If $$\alpha \in (0, 1)$$, then $$R_\alpha(x, S) = \frac{1}{1 - \alpha}$$ for all $$x \in S$$.

Proof

Using geometric series, $R_\alpha(x, S) = \sum_{n=0}^\infty \alpha^n P^n(x, S) = \sum_{n=0}^\infty \alpha^n = \frac{1}{1 - \alpha}$

It follows that for $$\alpha \in (0, 1)$$, the right operator $$R_\alpha$$ is a bounded, linear operator on $$\mathscr{B}$$ with $$\left\|R_\alpha \right\| = \frac{1}{1 - \alpha}$$. It also follows that $$(1 - \alpha) R_\alpha$$ is a probability kernel.
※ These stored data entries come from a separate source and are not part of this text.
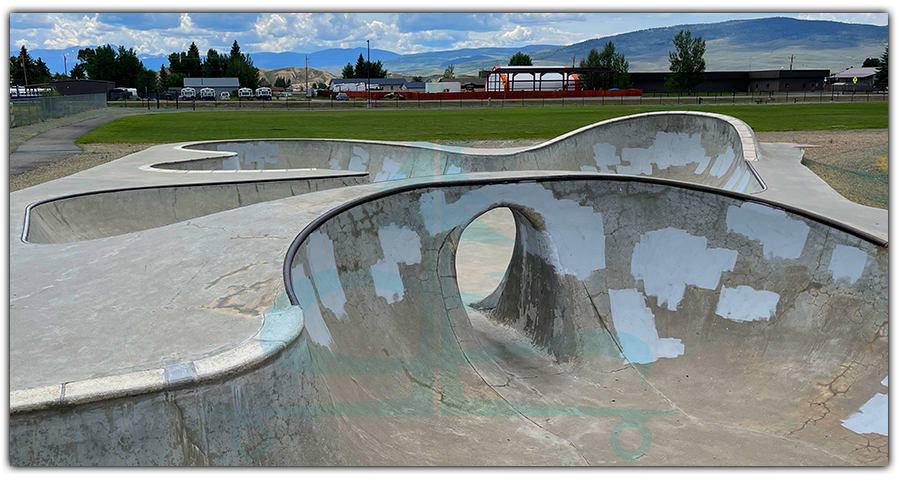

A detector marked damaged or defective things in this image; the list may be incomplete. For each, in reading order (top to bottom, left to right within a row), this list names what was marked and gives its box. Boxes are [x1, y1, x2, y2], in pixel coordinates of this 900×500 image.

peeling paint [728, 202, 812, 260]
peeling paint [632, 229, 740, 310]
peeling paint [828, 246, 868, 286]
peeling paint [608, 290, 684, 364]
peeling paint [716, 288, 780, 322]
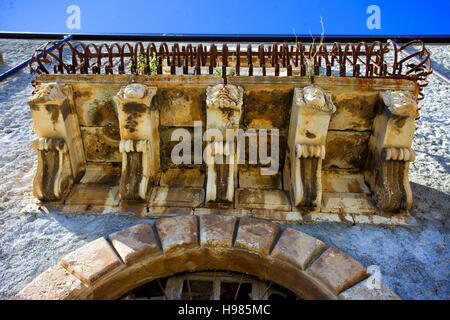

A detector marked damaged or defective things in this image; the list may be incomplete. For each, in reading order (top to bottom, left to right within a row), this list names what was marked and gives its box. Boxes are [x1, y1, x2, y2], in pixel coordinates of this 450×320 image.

rusty metal railing [29, 40, 432, 100]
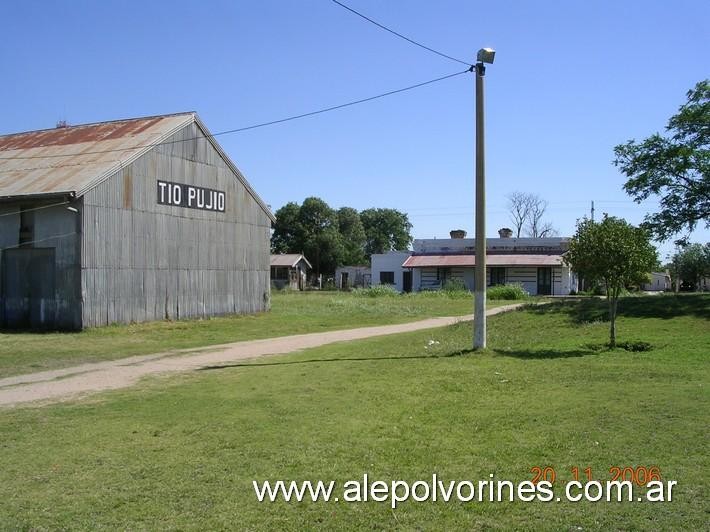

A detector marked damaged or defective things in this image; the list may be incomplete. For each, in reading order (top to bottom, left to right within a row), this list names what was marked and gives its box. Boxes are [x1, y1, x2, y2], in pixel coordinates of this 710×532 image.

rusty metal roof [0, 113, 195, 198]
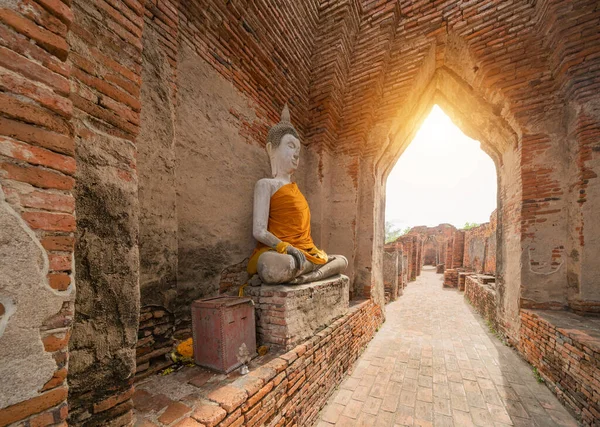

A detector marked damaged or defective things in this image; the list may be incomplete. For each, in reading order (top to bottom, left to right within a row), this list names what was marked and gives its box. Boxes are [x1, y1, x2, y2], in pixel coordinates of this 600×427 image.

rusty metal box [191, 296, 256, 372]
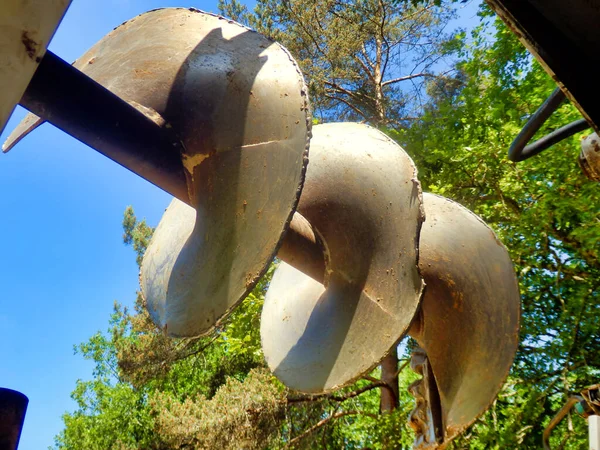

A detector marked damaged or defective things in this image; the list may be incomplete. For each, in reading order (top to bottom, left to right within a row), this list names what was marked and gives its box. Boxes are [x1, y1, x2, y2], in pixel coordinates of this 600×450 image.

rusty metal surface [488, 0, 600, 134]
rusty metal surface [580, 133, 600, 182]
rusty metal surface [260, 123, 424, 394]
rusty metal surface [410, 193, 524, 446]
rusty metal surface [0, 386, 28, 450]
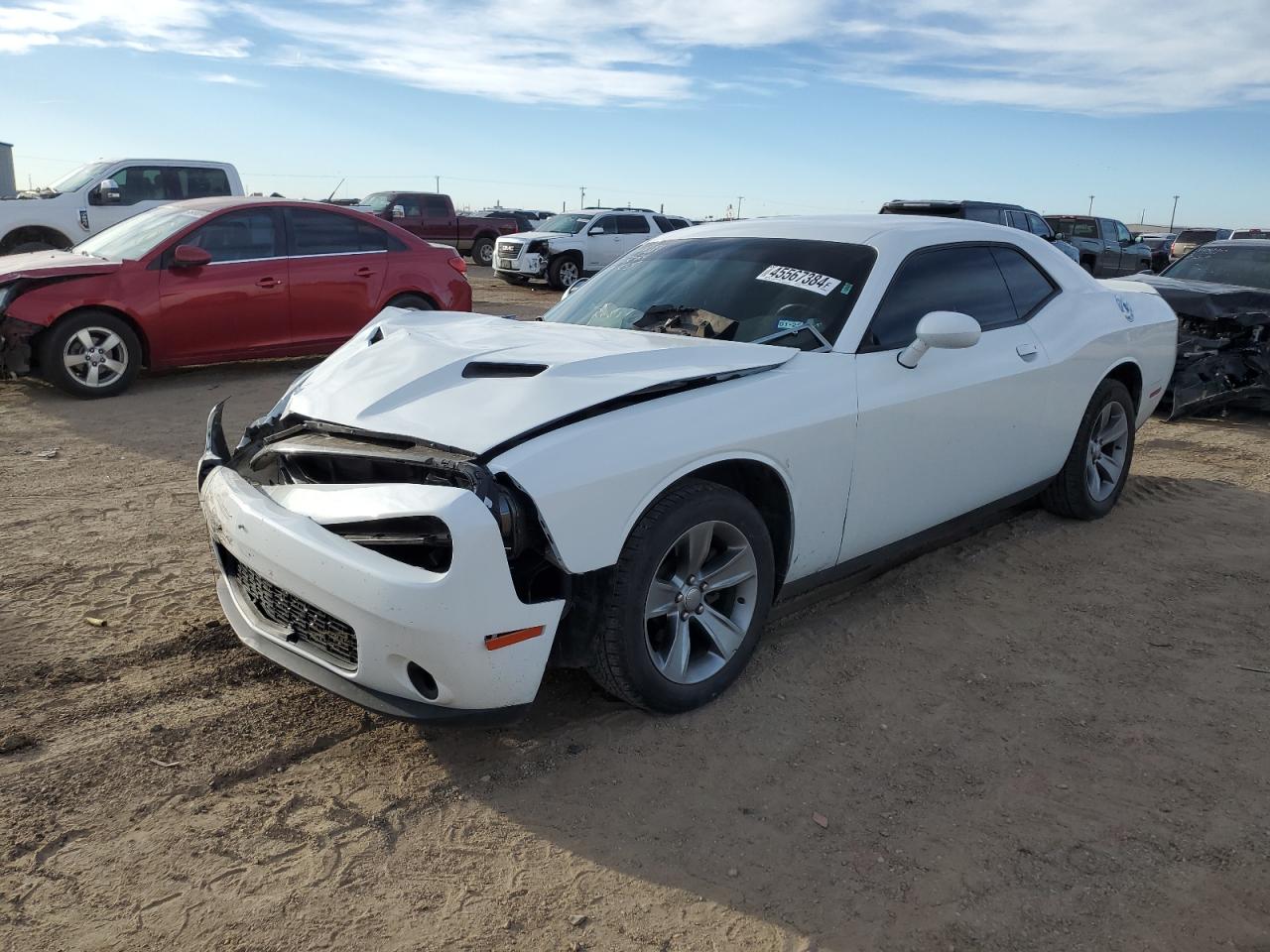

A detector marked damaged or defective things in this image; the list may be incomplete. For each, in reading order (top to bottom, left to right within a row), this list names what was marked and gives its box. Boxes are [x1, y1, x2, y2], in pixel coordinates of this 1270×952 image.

crumpled hood [0, 250, 119, 287]
red damaged sedan [0, 197, 472, 398]
crumpled hood [282, 313, 792, 459]
crumpled hood [1122, 275, 1270, 327]
dark damaged car [1127, 238, 1270, 416]
damaged front end [1153, 279, 1270, 420]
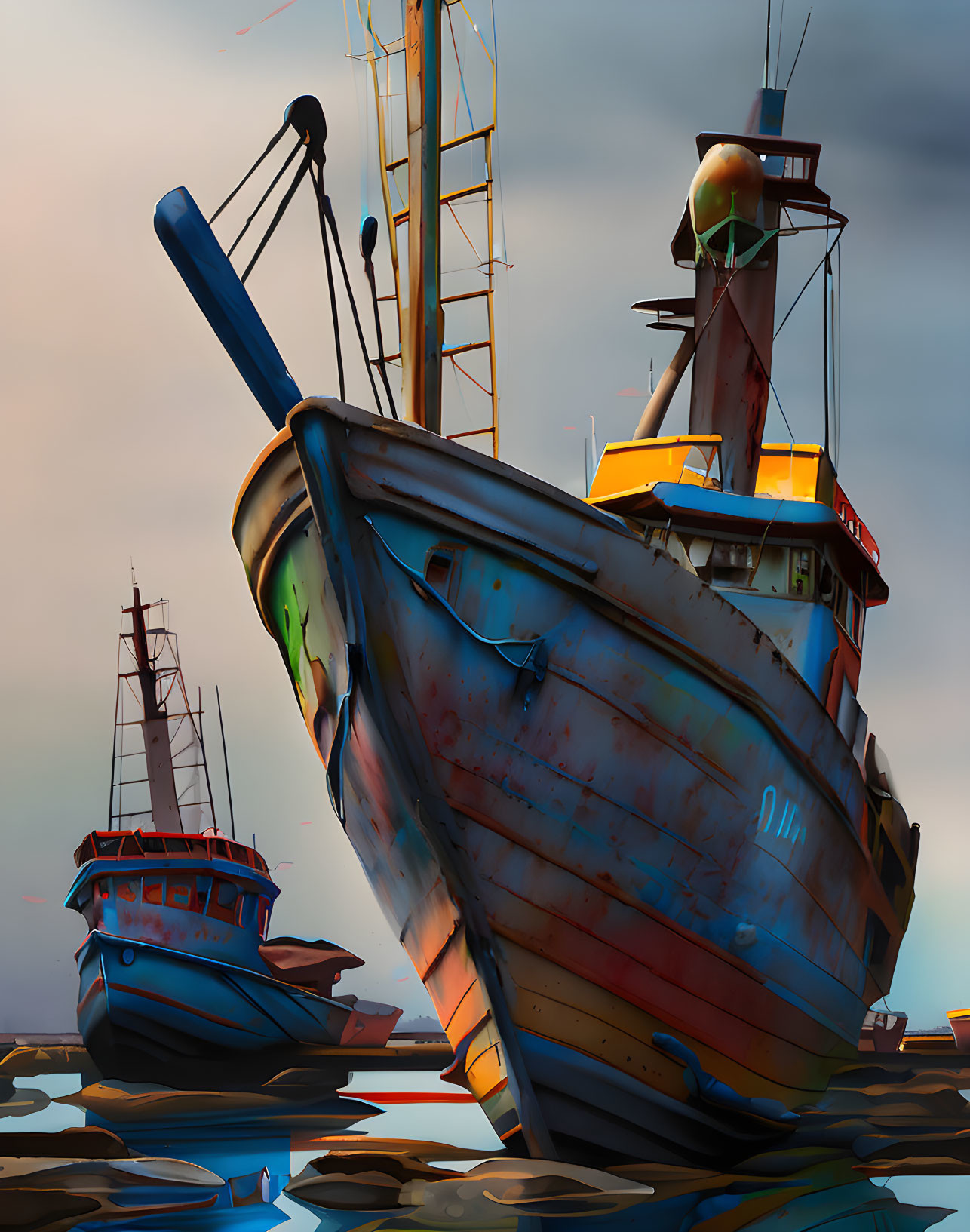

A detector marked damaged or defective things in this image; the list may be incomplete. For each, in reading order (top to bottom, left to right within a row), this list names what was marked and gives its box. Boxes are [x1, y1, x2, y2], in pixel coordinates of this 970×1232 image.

rusty metal hull [234, 395, 911, 1165]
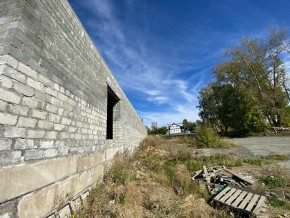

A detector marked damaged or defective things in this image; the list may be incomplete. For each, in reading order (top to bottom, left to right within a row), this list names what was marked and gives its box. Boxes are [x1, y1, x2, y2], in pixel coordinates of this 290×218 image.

broken wooden pallet [213, 186, 268, 217]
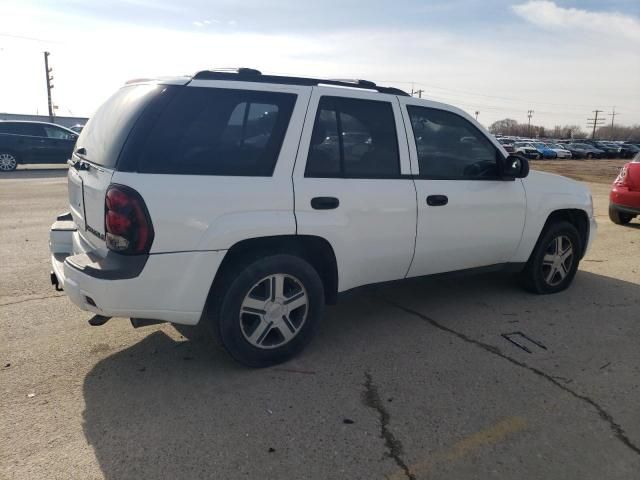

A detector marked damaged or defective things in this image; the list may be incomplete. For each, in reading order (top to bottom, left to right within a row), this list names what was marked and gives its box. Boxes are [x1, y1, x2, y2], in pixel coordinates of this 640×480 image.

crack in pavement [362, 372, 418, 480]
crack in pavement [384, 300, 640, 458]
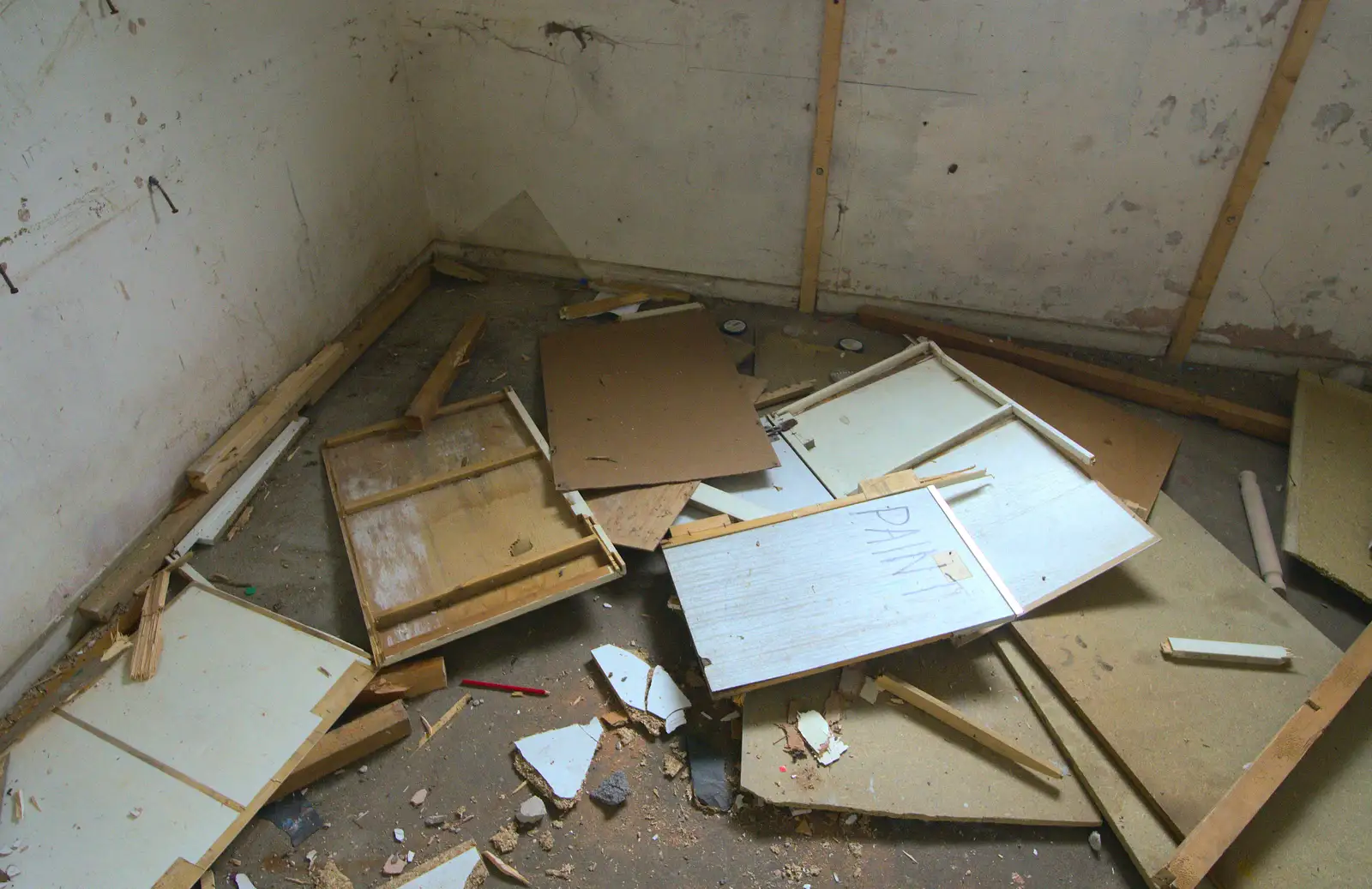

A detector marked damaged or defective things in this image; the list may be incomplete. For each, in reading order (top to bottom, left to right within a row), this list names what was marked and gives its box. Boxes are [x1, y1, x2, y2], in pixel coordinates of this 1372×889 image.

broken wooden board [0, 590, 370, 885]
broken wooden board [322, 391, 621, 669]
broken wooden board [587, 484, 703, 552]
broken wooden board [539, 310, 779, 490]
broken wooden board [751, 333, 892, 387]
broken wooden board [665, 484, 1015, 700]
broken wooden board [744, 641, 1098, 830]
broken wooden board [782, 341, 1159, 621]
broken wooden board [947, 348, 1180, 514]
broken wooden board [995, 638, 1207, 885]
broken wooden board [1015, 497, 1338, 840]
broken wooden board [1276, 369, 1372, 607]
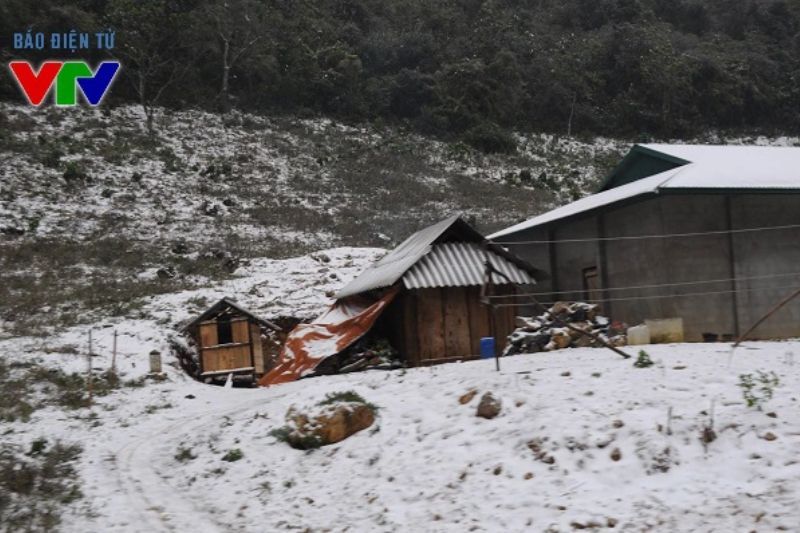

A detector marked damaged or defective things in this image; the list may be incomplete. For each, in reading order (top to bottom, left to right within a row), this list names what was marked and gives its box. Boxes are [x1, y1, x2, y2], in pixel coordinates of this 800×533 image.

damaged structure [184, 296, 282, 382]
damaged structure [260, 214, 544, 384]
damaged structure [490, 143, 800, 338]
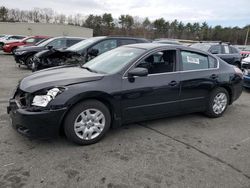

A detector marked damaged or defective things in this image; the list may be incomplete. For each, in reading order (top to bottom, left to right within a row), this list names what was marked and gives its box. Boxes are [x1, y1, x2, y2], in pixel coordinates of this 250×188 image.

damaged black car [30, 36, 149, 71]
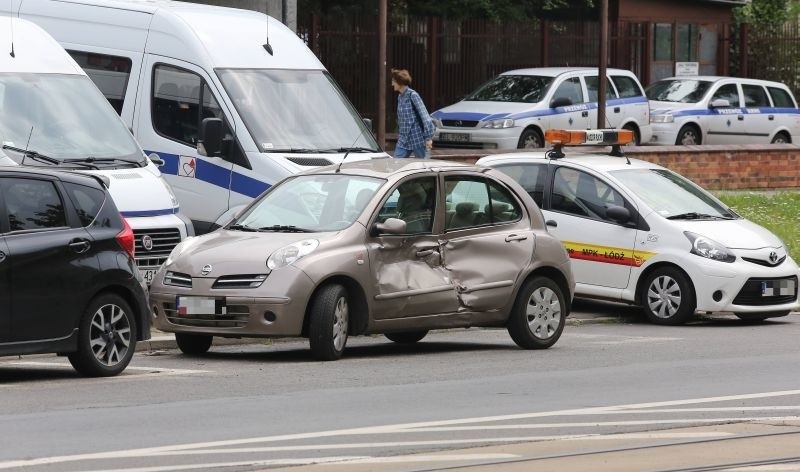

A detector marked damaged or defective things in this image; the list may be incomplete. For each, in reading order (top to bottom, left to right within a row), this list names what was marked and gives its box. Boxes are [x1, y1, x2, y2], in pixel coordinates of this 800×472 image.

damaged beige car [148, 159, 576, 362]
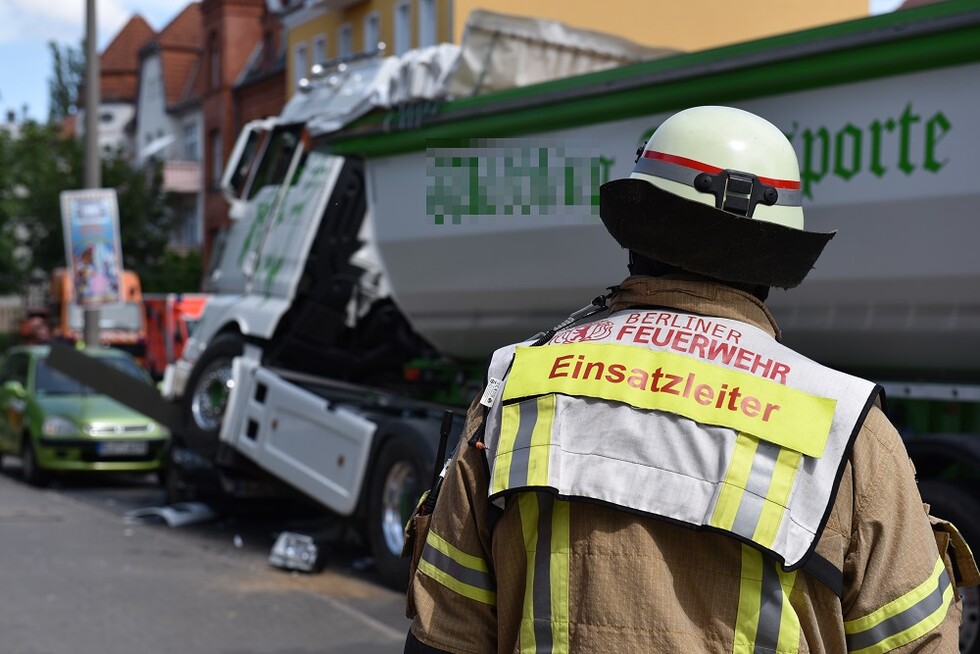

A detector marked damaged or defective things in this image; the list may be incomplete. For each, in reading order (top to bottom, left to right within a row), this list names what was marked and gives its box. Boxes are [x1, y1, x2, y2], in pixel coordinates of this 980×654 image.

crashed semi truck [161, 1, 980, 620]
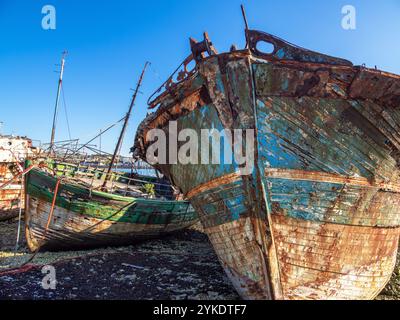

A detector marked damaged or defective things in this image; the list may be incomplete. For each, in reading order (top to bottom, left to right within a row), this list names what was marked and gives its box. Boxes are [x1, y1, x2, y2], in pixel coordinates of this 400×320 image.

chipped paint surface [24, 168, 198, 252]
rusty ship hull [134, 28, 400, 298]
rusted metal plate [134, 28, 400, 298]
chipped paint surface [134, 30, 400, 300]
There is a nice interpretation of this kernel.

If $$\alpha \in (0, 1)$$ then $$(1 - \alpha) R_\alpha(x, \cdot)$$ is the conditional distribution of $$X_N$$ given $$X_0 = x \in S$$, where $$N$$ is independent of $$\bs{X}$$ and has the geometric distribution on $$\N$$ with parameter $$1 - \alpha$$.

Proof

Suppose that $$x \in S$$ and $$A \in \mathscr{S}$$. Conditioning on $$N$$ gives $\P(X_N \in A \mid X_0 = x) = \sum_{n=0}^\infty \P(N = n) \P(X_N \in A \mid N = n, X_0 = x)$ But by the substitution rule and the assumption of independence, $\P(X_N \in A \mid N = n, X_0 = x) = \P(X_n \in A \mid N = n, X_0 = x) = \P(X_n \in A \mid X_0 = x) = P^n(x, A)$ Since $$N$$ has the geometric distribution on $$N$$ with parameter $$1 - \alpha$$ we have $$P(N = n) = (1 - \alpha) \alpha^n$$ for $$n \in \N$$. Substituting gives $\P(X_N \in A \mid X_0 = x) = \sum_{n=0}^\infty (1 - \alpha) \alpha^n P^n(x, A) = (1 - \alpha) R_\alpha(x, A)$

So $$(1 - \alpha)R_\alpha$$ is a transition probability kernel, just as $$P_n$$ is a transition probability kernel, but corresponding to the random time $$N$$ (with $$\alpha \in (0, 1)$$ as a parameter), rather than the deterministic time $$n \in \N$$. An interpretation of the potential kernel $$R_\alpha$$ for $$\alpha \in (0, 1)$$ can be also given in economic terms. Suppose that $$A \in \mathscr{S}$$ and that we receive one monetary unit each time the process $$\bs{X}$$ visits $$A$$. Then as above, $$R(x, A)$$ is the expected total amount of money we receive, starting at $$x \in S$$. However, typically money that we will receive at times distant in the future has less value to us now than money that we will receive soon. Specifically suppose that a monetary unit received at time $$n \in \N$$ has a present value of $$\alpha^n$$, where $$\alpha \in (0, 1)$$ is an inflation factor (sometimes also called a discount factor). Then $$R_\alpha(x, A)$$ gives the expected, total, discounted amount we will receive, starting at $$x \in S$$. A bit more generally, if $$f \in \mathscr{B}$$ is a reward function, so that $$f(x)$$ is the reward (or cost, depending on the sign) that we receive when we visit state $$x \in S$$, then for $$\alpha \in (0, 1)$$, $$R_\alpha f(x)$$ is the expected, total, discounted reward, starting at $$x \in S$$.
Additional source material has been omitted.